Connie Youngkin, an anti-abortion activist who has made the phrase "First I go to jail, then I go to Sacramento" the unofficial slogan in her state Assembly campaign, Tuesday was sentenced to 60 days in jail for blocking a La Mesa medical clinic late last year.

El Cajon Municipal Judge Eddie Sturgeon, who suspended 120 days of the 180-day sentence that he imposed on Youngkin, allowed the Poway Republican to remain free on $5,000 bond pending the outcome of her appeal, which attorneys said could last from six months to several years.

As a result, Youngkin, who was jailed last year on a similar charge, probably will not have to confront the prospect of campaigning for the Republican nomination in the 76th Assembly District from jail--an approach that she had said earlier she intended to take, if necessary.

"I have no skeletons in my closet--they're all on the front page," Youngkin said after learning her sentence, which included a $250 fine, $200 restitution to the clinic to pay for damaged plants and three years' probation. If Youngkin were to break the law again during her probation, she could be sentenced to serve the 120-day suspended portion of her jail term.

After a four-day trial, Youngkin was convicted last month of trespassing during a demonstration last October in front of a La Mesa clinic that performs abortions. That demonstration, which drew more than 500 people, was organized by Operation Rescue, a nationwide anti-abortion group that regularly pickets abortion clinics.

In urging Sturgeon to simply place Youngkin on probation, defense attorney Stephen Hurst implored the judge to "put aside the controversy that rages around us" over the abortion issue and to treat the case as a "simple trespass"--an infraction undeserving, he argued, of a substantial jail term.

"Connie Youngkin has obeyed the law--the law of God," Hurst said. "Her commitment to Jesus Christ the Lord is more important than anything this court can do. She has believed that she was required by that law to trespass if needed to save a life."

The 41-year-old Youngkin used her own remarks to the judge to underscore her vehement opposition to abortion--the issue that she hopes will enable her to unseat Republican Assemblywoman Tricia Hunter of Bonita, an abortion rights advocate who last October won a special election that drew national attention in the staunchly conservative North San Diego County-Riverside County district.

"There's been a great deception in this country . . . from the abortion industry," Youngkin told the judge. "Women are being deceived as they go in these abortion clinics. Babies are being aborted to the sixth month (of pregnancy). Tongs are tearing arms and limbs apart. . . . This has to be stopped."

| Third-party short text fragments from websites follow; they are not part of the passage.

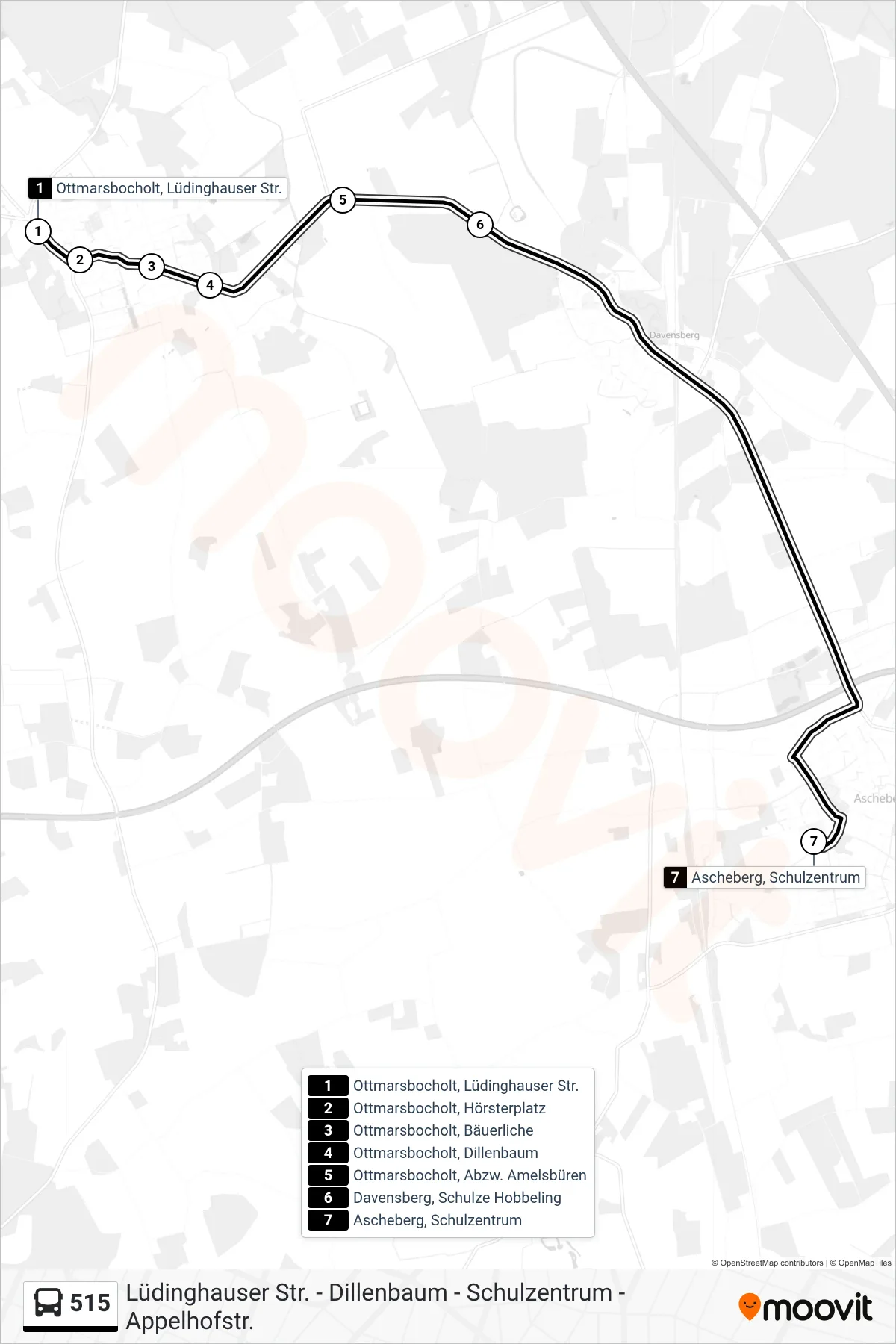 Linie 515 (Bus) Richtung Ascheberg, Schulzentrum: Route und Haltestellen auf der Karte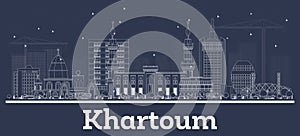 Outline Khartoum Sudan City Skyline with White Buildings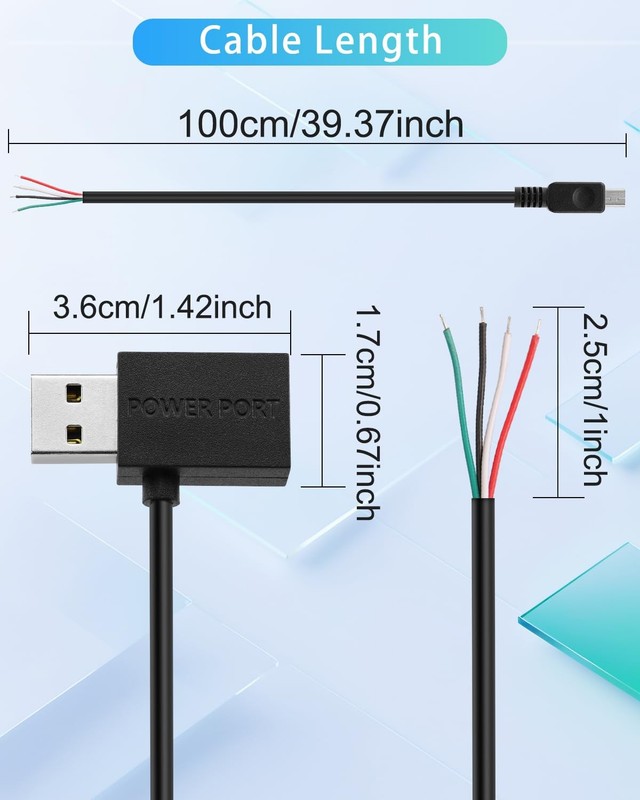 4 PCS 3.3 FT 90 Degree USB 2.0 Male To 4Pin Bare Wire Pigtail Cable Adapter gallery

Deputy Dist. Atty. Gordon Davis, emphasizing Youngkin's previous conviction on a similar charge--for which she served about two-thirds of a 60-day sentence--recommended that the judge sentence her to 80 days in custody (with another 100 days of a six-month term suspended), a $500 fine and three years' probation.

That earlier conviction, Sturgeon said, was a major factor in his decision to sentence Youngkin to some time in custody. After the judge announced the sentence and adjourned the court, several of about a dozen Youngkin supporters in the courtroom stood and sang "God Bless America."

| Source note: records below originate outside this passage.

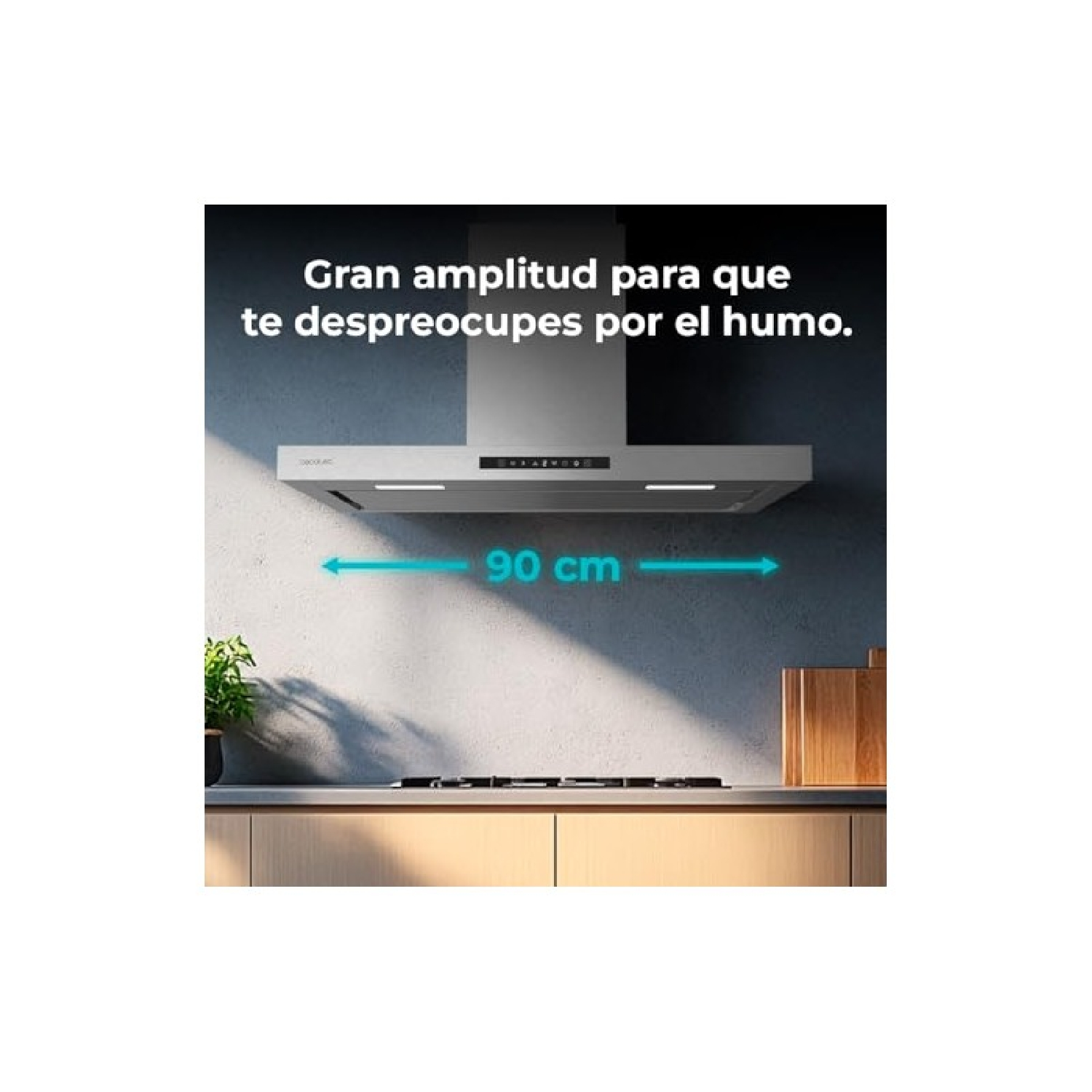 Una campana extractora de acero inoxidable sobre una estufa. El texto indica 90 cm.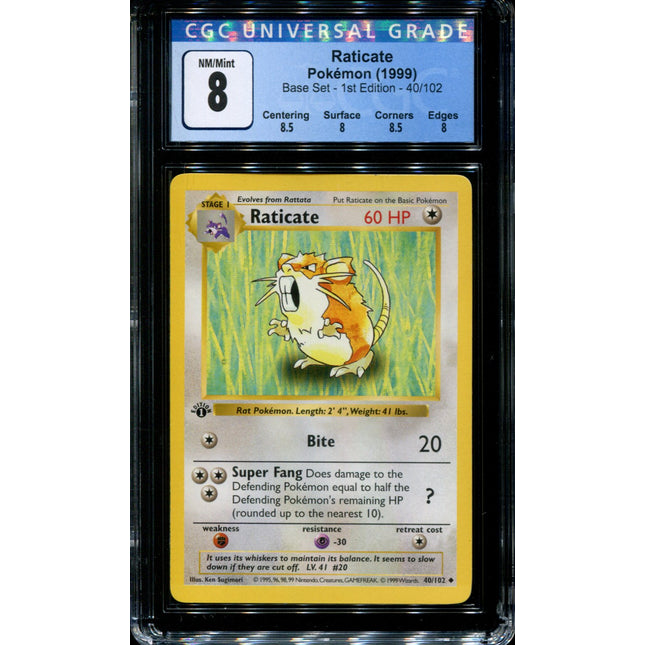 Raticate - 40/102 - CGC 8 - 1st Edition - Base Set - Pokemon - 38144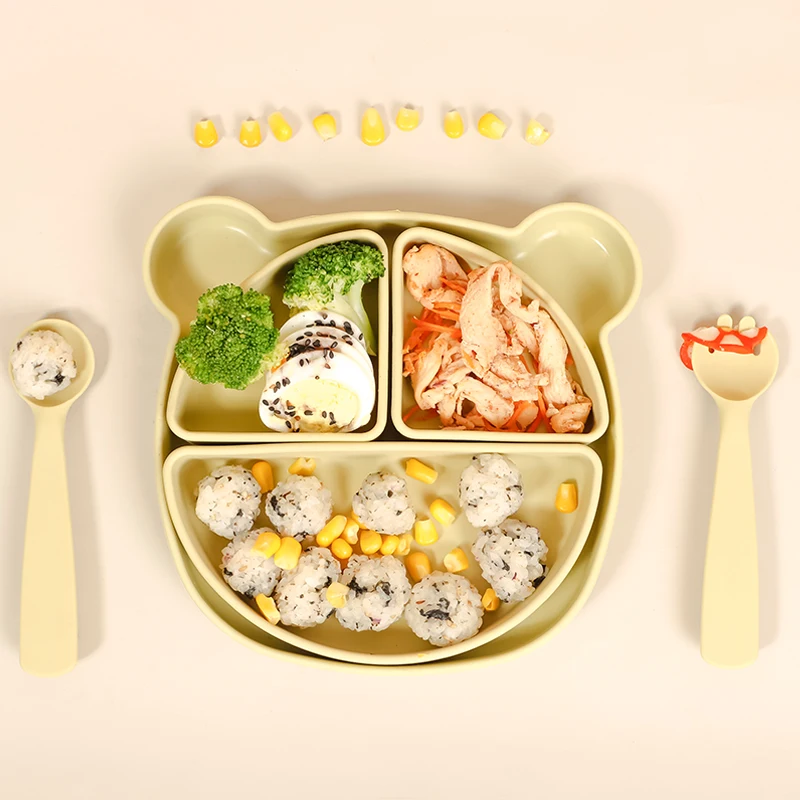 Modabebe 9/6/5 PCS Baby Silicone Feeding Set BPA Free Baby Plates Bowl Spoons Fork Set Cute Design Kids Tableware With Bibs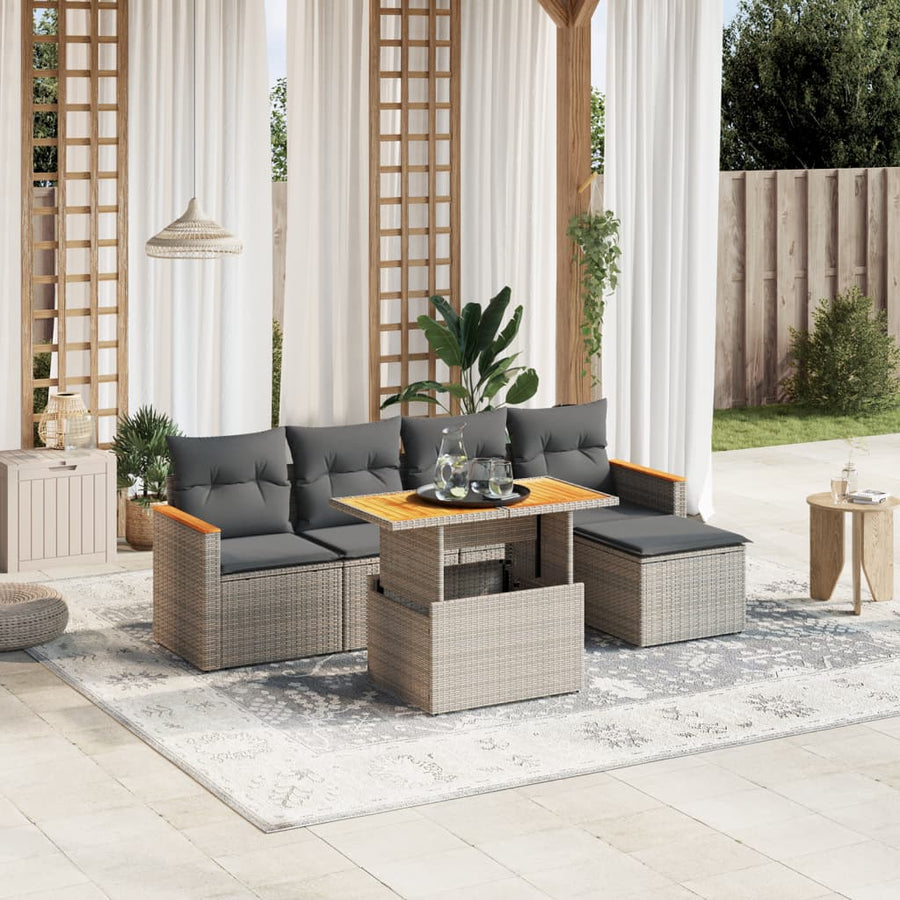 Set Mobilier Grădină Cu Perne, 6 Piese, , Poliratan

Steve Baldwin, Youngkin's campaign manager, argued outside the courtroom that Youngkin's jail sentence "probably won't deter that many of our supporters" and might, in fact, benefit her campaign.

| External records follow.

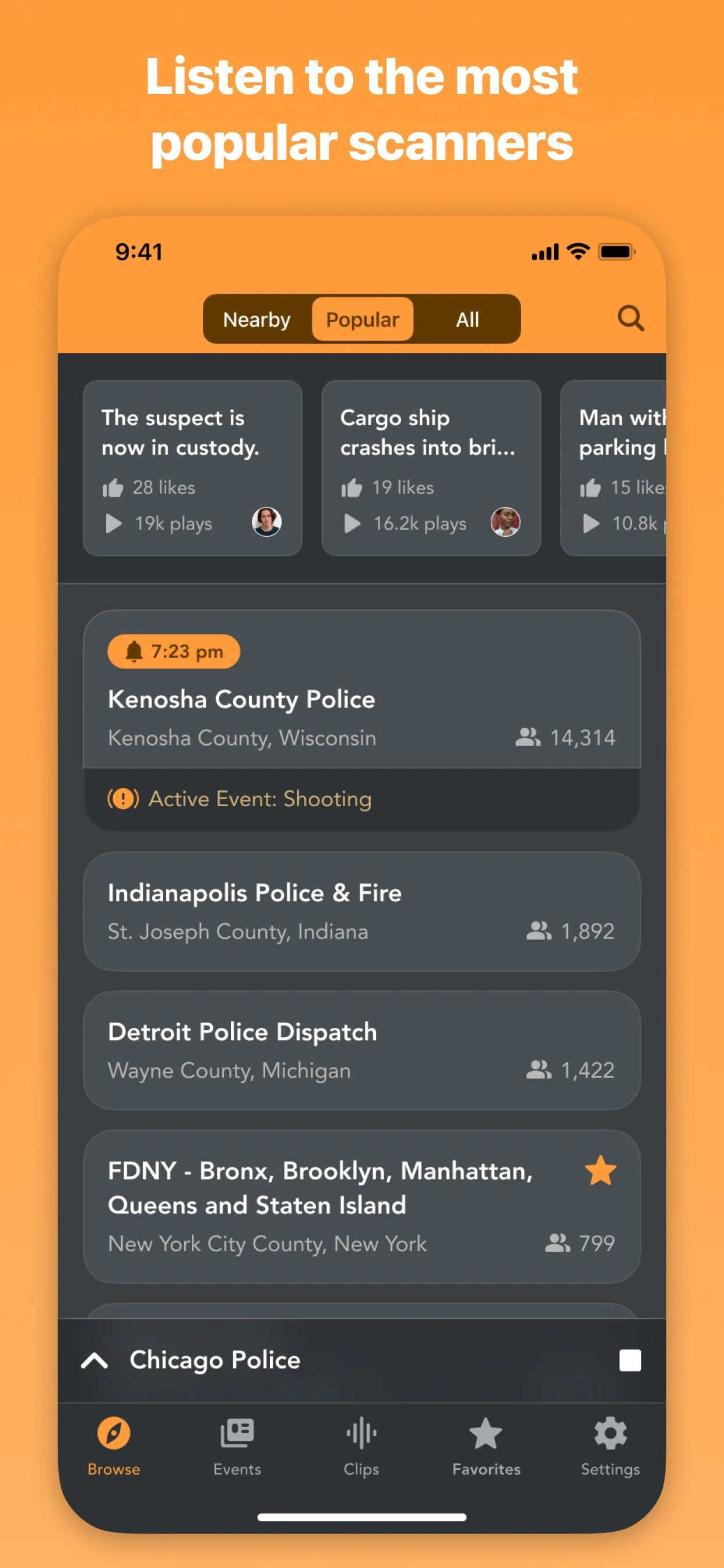 Police Scanner Radio & Fire iphone screenshot 4
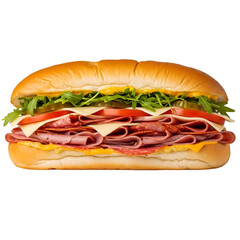Delicious Sub Sandwich with Meats, Cheese, and Veggies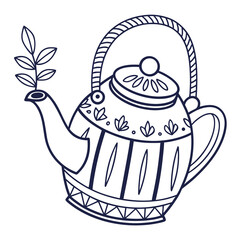 Decorative teapot with floral accents and leafy sprout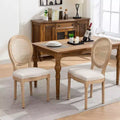 TUYOHW Sleek King Louis Chairs with Rattan Back,Set of 2,Soft Linen Dining Chairs with Rubberwood Legs,French Style Side Chairs,Home Decor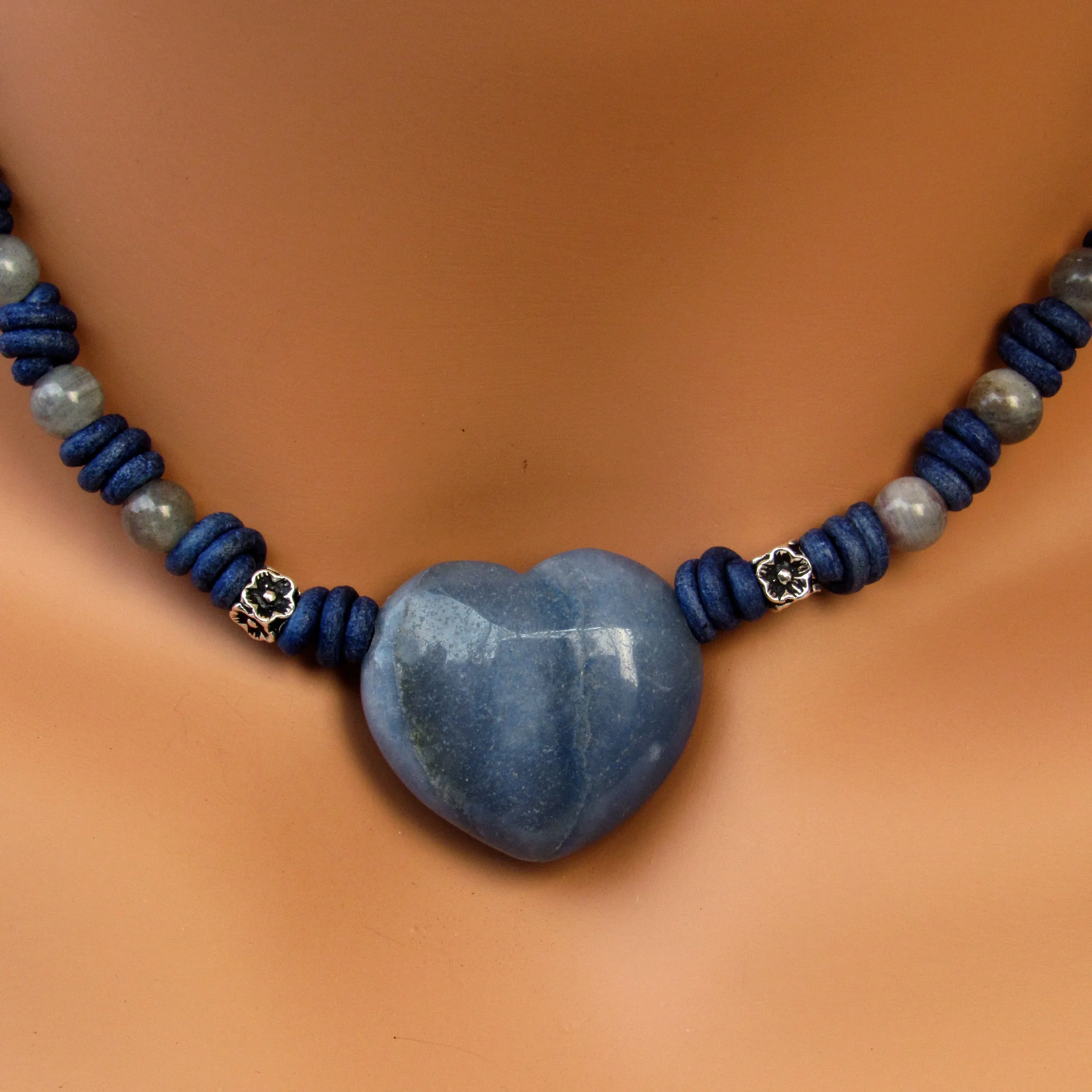 Blue Aventurine gemstone Heart, Labradorite, and Sterling Silver Leather Choker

"It's good for name recognition," said Baldwin, who lost a 1988 race against Assemblyman Steve Peace (D-Chula Vista). "So many politicians don't stand up for their convictions that voters might regard that as refreshing."

Like other Operation Rescue members, Youngkin to date has prided herself on a willingness to be jailed for her beliefs. However, Youngkin said Tuesday that, rather than break the law at future demonstrations, she intends to instead pursue her anti-abortion goals in politics--a move that she characterized as a shift only of tactics, not purpose.

"When I win this district, I'll be able to save a lot more babies all over the state," Youngkin said. "I'll be able to save more babies in Sacramento."